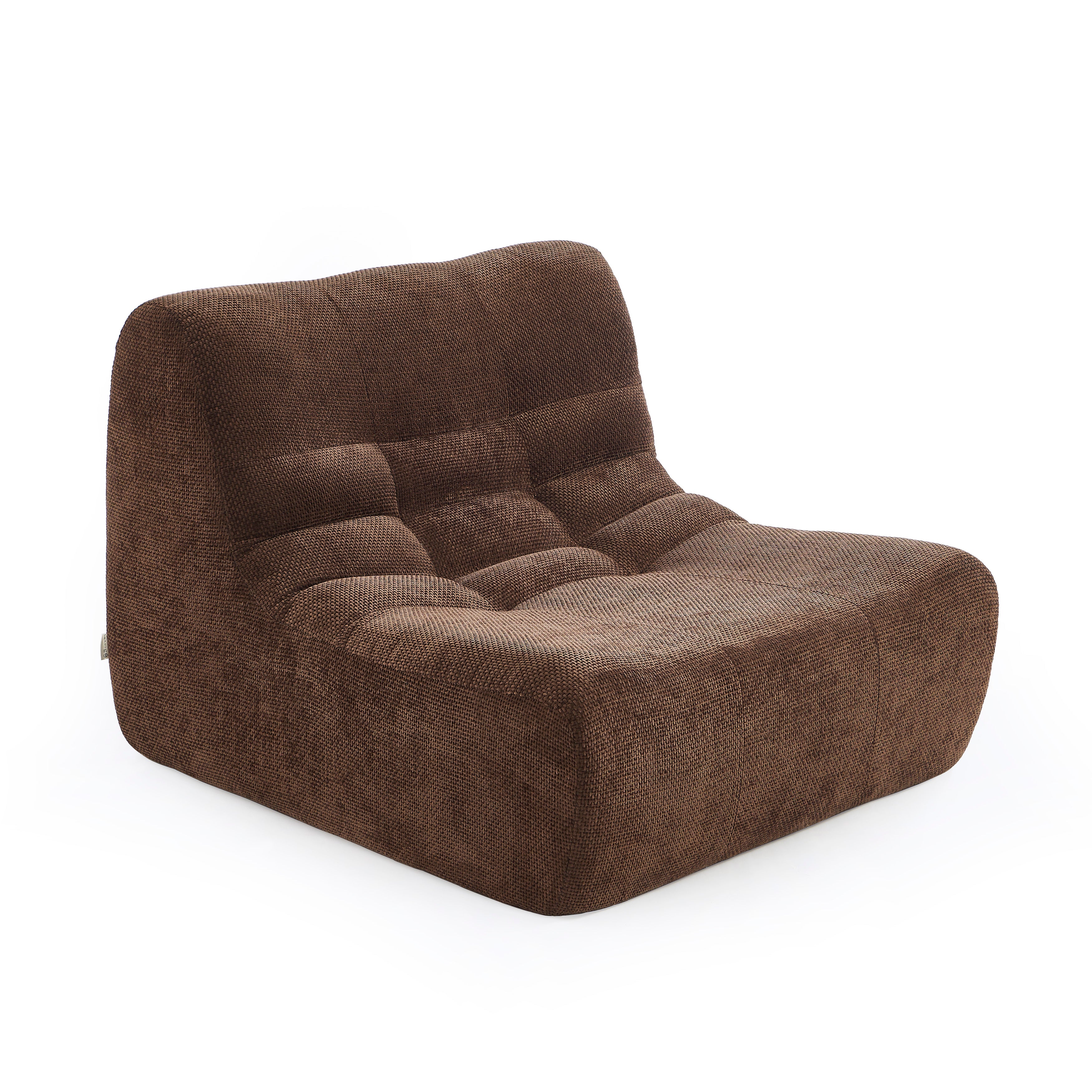 Janis - Modular 1-Seat Armchair - Chenille Fabric - Brown
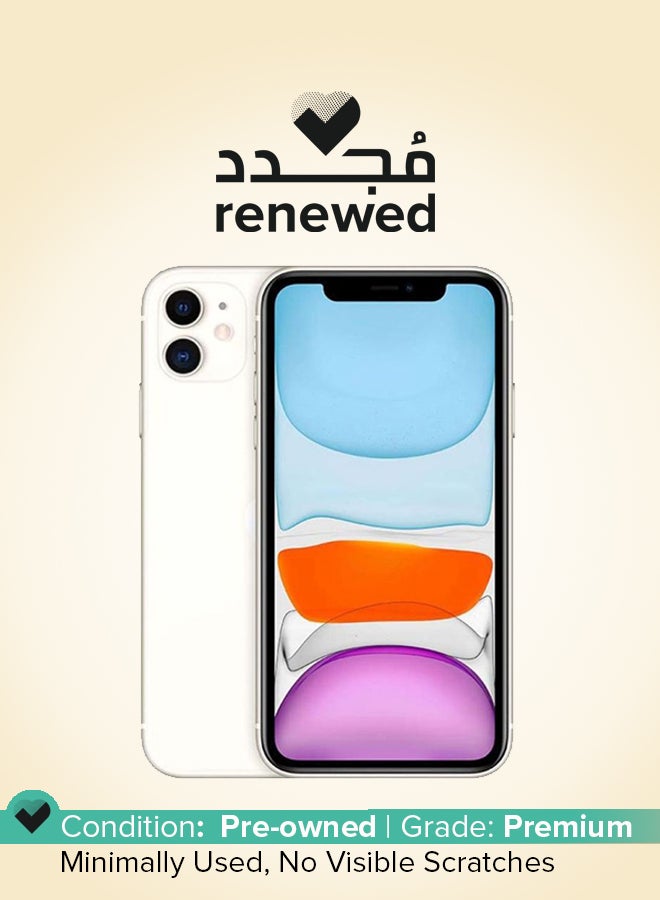 ابل  مجدد - هاتف أيفون 11 إصدار 2020 بذاكرة داخلية سعة 128 جيجابايت ويدعم تقنية 4G LTE بلون أبيض - تغليف رفيع - نسخة عالمية - Image 1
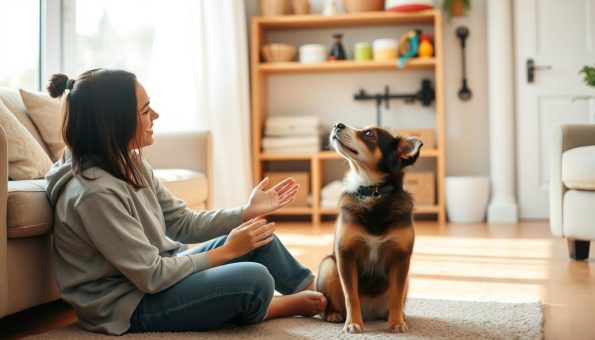A warm, inviting living room setting where a person is sitting on the floor, petting and praising their canine companion. The dog is looking up attentively, their tail wagging with excitement. The room is bathed in soft, natural lighting, creating a calming atmosphere. The person's body language and facial expression convey patience, positivity, and a strong bond with the pet. In the background, shelves with pet supplies and training tools are visible, suggesting an environment conducive to effective pet training. The overall scene evokes a sense of trust, affection, and the power of positive reinforcement techniques in building a stronger relationship between a pet and their human.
□ □ □ □ □ □ □
What you are asked to do:
Everything in the data above should be set down again exactly, except the pictures.

Answer to this exercise:
 Janis - Modular 1-Seat Armchair - Chenille Fabric - Brown
 ابل  مجدد - هاتف أيفون 11 إصدار 2020 بذاكرة داخلية سعة 128 جيجابايت ويدعم تقنية 4G LTE بلون أبيض - تغليف رفيع - نسخة عالمية - Image 1
A warm, inviting living room setting where a person is sitting on the floor, petting and praising their canine companion. The dog is looking up attentively, their tail wagging with excitement. The room is bathed in soft, natural lighting, creating a calming atmosphere. The person's body language and facial expression convey patience, positivity, and a strong bond with the pet. In the background, shelves with pet supplies and training tools are visible, suggesting an environment conducive to effective pet training. The overall scene evokes a sense of trust, affection, and the power of positive reinforcement techniques in building a stronger relationship between a pet and their human.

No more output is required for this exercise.